--- Assignment ---
Print, word for word, only the lines from the one with "From here, you" down to the last line of the listing below; no pictures.

--- Data segment ---
##############################

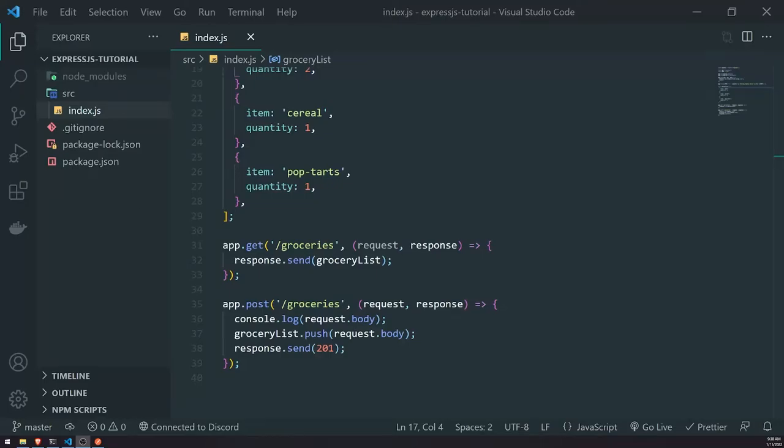Welcome back to another episode. In this episode, we're going to dive a little bit deeper into routing in Express. Specifically, we're going to take a look at route parameters.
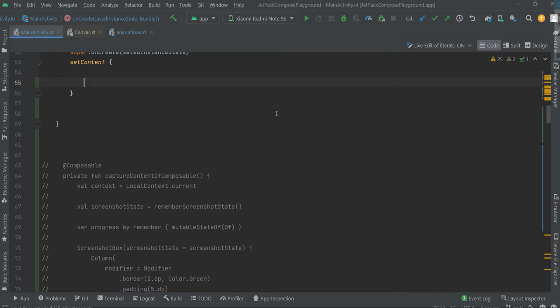Hello guys, in this video we are gonna see how to draw a path using touch events. There will be a lot of typing, so let's type.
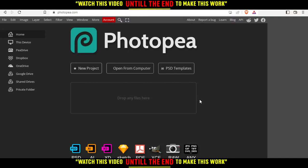From here, you have four options: create a new project, open something from your computer, choose one of their PSD templates, or drop your file here and start editing.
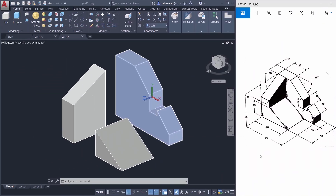This mechanical figure can be split into three parts: the first component, the second one, and the third one. We can create each component by creating the corresponding profiles, then extruding it.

##############################

--- Answer space ---
From here, you have four options: create a new project, open something from your computer, choose one of their PSD templates, or drop your file here and start editing.
This mechanical figure can be split into three parts: the first component, the second one, and the third one. We can create each component by creating the corresponding profiles, then extruding it.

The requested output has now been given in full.